The film begins when a janitor—indeed, “appropriately named W.C.,”—goes into a woman’s restroom to fix a faulty speaker. As his watch beeps to remind him it’s Christmas Eve, he finds a dead rat in the speaker and flushes it down a toilet. He closes the door and takes a nap, and things brighten up for him a bit when he wakes up to two women from the office deciding to take a break from the party to make out at the bathroom sinks. Then one becomes a zombie and bites the other’s throat, and he’s forced to crush her head in with a toilet seat. In a British production, you can always tell that things are about to go horribly awry if the protagonist is experiencing a moment of joy.

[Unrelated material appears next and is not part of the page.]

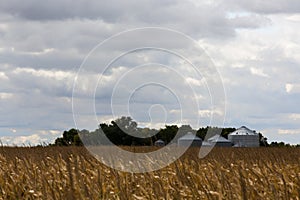 Grain silos at the edge of a field of ripe corn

It’s a remarkably funny movie, which makes it impossible to not compare it to Shaun of the Dead, but it manages to stand apart in the zom-rom-com genre. And yes, it does include some romance: W.C. strikes up a relationship with a woman two stalls over that remains unseen, drawing an estimation of her face on the wall that the camera cleverly cuts to when she speaks. But the themes tackled aren’t the same ones as Shaun: W.C.’s journey is more concerned with him facing the fact that he’s walled himself off from society and love through a combination of pride, shame, and shallowness. He spends his time primarily learning to not hate himself, and in turn to allowing himself to like others. Like Shaun, though, Stalled knows that being a hilarious character study is fine and dandy, but that if you’re going to add zombies in the mix, you need some really great gore effects in there, too. And it doesn’t disappoint in that department. The gore is fantastic, fun, and 100 percent practical.
Looking at the user reviews on Netflix, this was the worst-rated film on the list. I’m not sure why. I watch a lot of British television (I like to feel cultured, but I’m too lazy to learn another language), and maybe the humor just doesn’t quite click with many people who don’t. Indeed, is it very British—it even manages to include a short ecstasy-induced sequence—but I still don’t think any fan of good horror could be disappointed with it, regardless of the amount of time they’ve logged with the BBC.
So, I’m calling it: Stalled is the best Christmas horror film that’s streaming on Netflix. Dead End is a very close second, and Saint Nick is a solid third. And if you find yourself in strange doomsday scenario in which you’re forced to choose between watching Jack Frost and ATM, go with the former.